Like Ben, Mr. Gupta saw his first deepfake in 2017. He was 25, and immediately jumped into the field. “I wanted to understand the technology better because I think the best remedy to fear is knowledge. But in all honesty, the more I’ve understood this, the more afraid I’ve become.” Until more forms of generative AI can be turned into reliable AI-detection technology, “people are going to be harmed. Even my father has been the victim of a telephone scam. But in the next iteration of robo-calls, my father will be getting a phone call from me – a deepfake version of me, but my face and voice will be perfect. And until people like Apple or AT&T integrate deepfake-detection tools into their platforms, everyone’s at risk of that.”

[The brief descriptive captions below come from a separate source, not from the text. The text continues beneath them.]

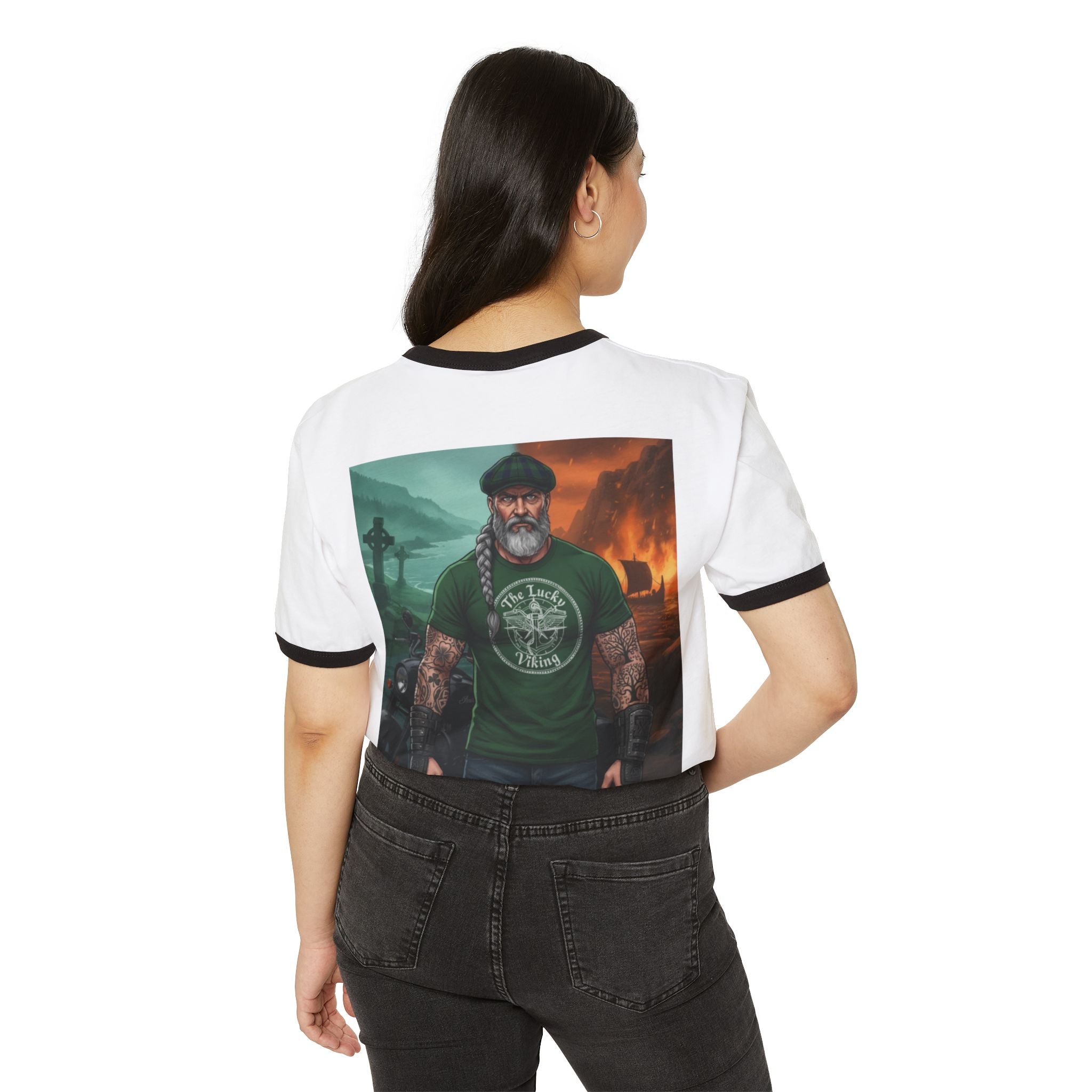 Viking Dad Graphic T-Shirt — "The Lucky Viking" Ringer Tee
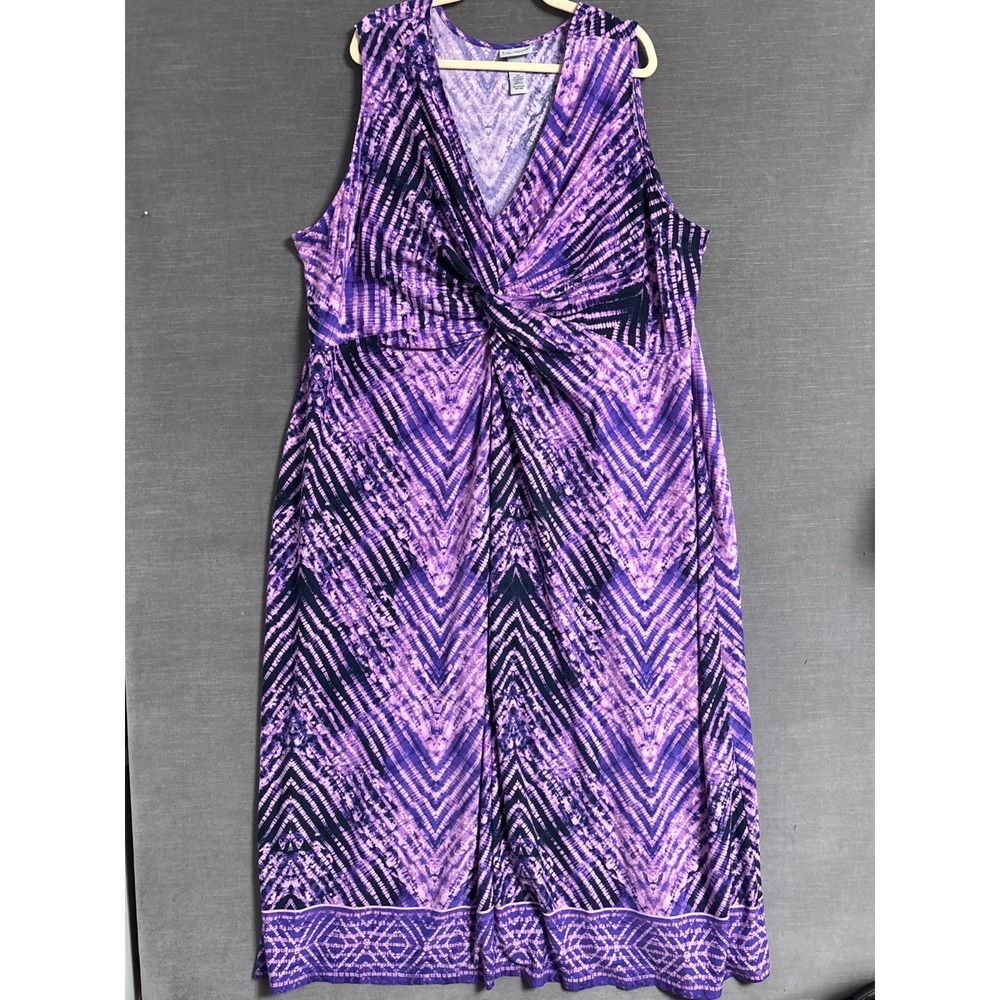 Catherines Dress 4X 30/32W Purple Chevron Maxi Twist Sleeveless Beach Summer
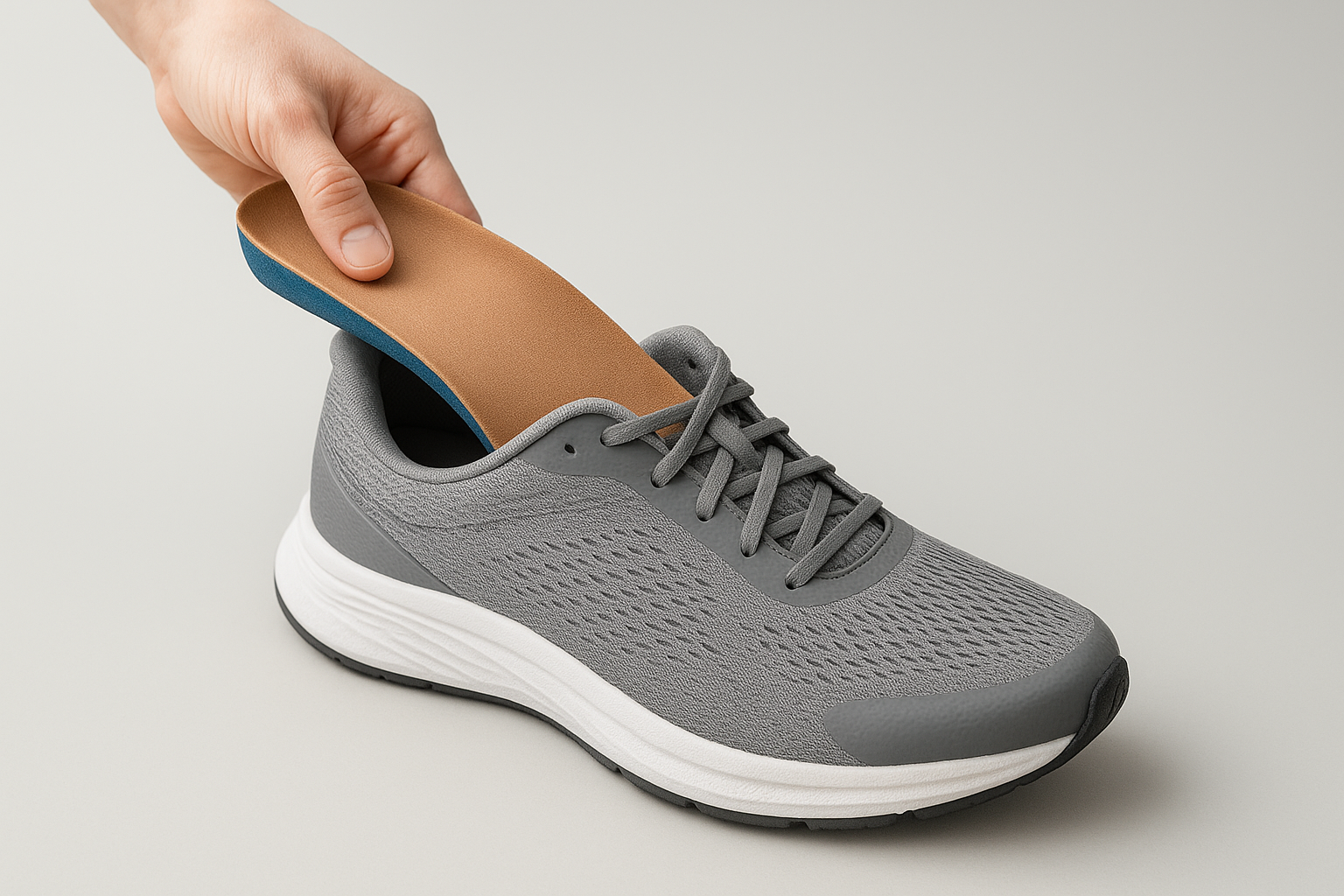 Affordable sports orthotics being fitted into a running shoe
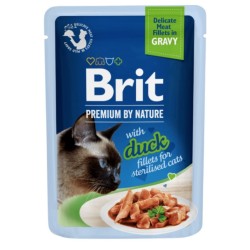 BRIT PREMIUM CAT Sterilised Duck fillets in gravy 85g (saszetka)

Generative AI has already attracted attention from government watchdogs in Europe (especially Italy, where ChatGPT was banned this week) and the UK (where a white paper was published). Mr. Gupta didn’t sign the stall-AI manifesto–”You can’t stop it”–but he welcomes the interference (as does Sam Altman, the founder of OpenAI). “It’s rare for an executive of a synthetic media company to say we need regulation in the space,” Mr. Gupta said. “But I just don’t see a world where this technology is protected against unethical uses without some type of government intervention. It’s very similar to social media, which claimed they would regulate themselves. And it was only after a lot of disasters happened that government tried to regulate them. By that point, it was too late.”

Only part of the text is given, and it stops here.